**Exercise**
Each line from the one containing "Kenneth Cole Men's" through the last line of the entries below is to be transcribed exactly. Nothing else belongs in the reply.

[Short text fragments from websites]
Content starts
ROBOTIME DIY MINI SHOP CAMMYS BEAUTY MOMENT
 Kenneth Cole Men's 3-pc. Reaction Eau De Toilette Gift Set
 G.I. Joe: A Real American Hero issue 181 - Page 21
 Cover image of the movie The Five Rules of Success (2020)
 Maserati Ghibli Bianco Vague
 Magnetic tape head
Content ends
**Response area**
 Kenneth Cole Men's 3-pc. Reaction Eau De Toilette Gift Set
 G.I. Joe: A Real American Hero issue 181 - Page 21
 Cover image of the movie The Five Rules of Success (2020)
 Maserati Ghibli Bianco Vague
 Magnetic tape head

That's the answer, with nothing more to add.